- _WORK INSTRUCTIONS_:
Reproduce all of the data below without alteration; exclude every picture.

- _RECORDED DATA_:
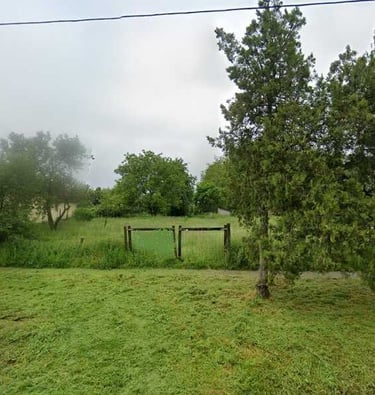 Baugrundstück in ruhiger Lage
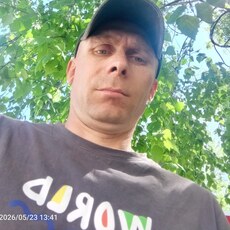 Фотография мужчины Стас, 40 лет из г. Киров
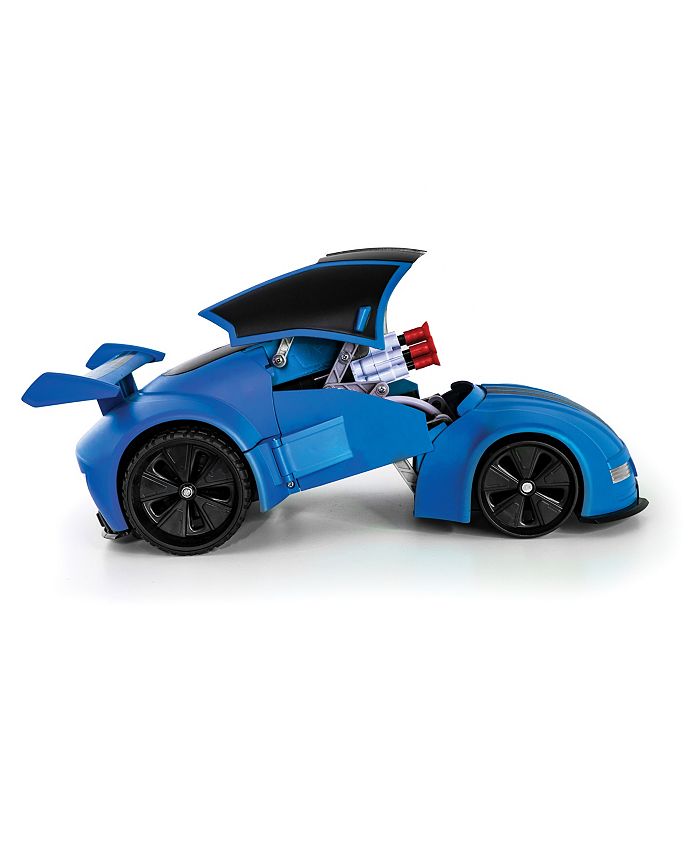 sharper image missile launcher car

- _EXERCISE RESPONSE_:
 Baugrundstück in ruhiger Lage
 Фотография мужчины Стас, 40 лет из г. Киров
 sharper image missile launcher car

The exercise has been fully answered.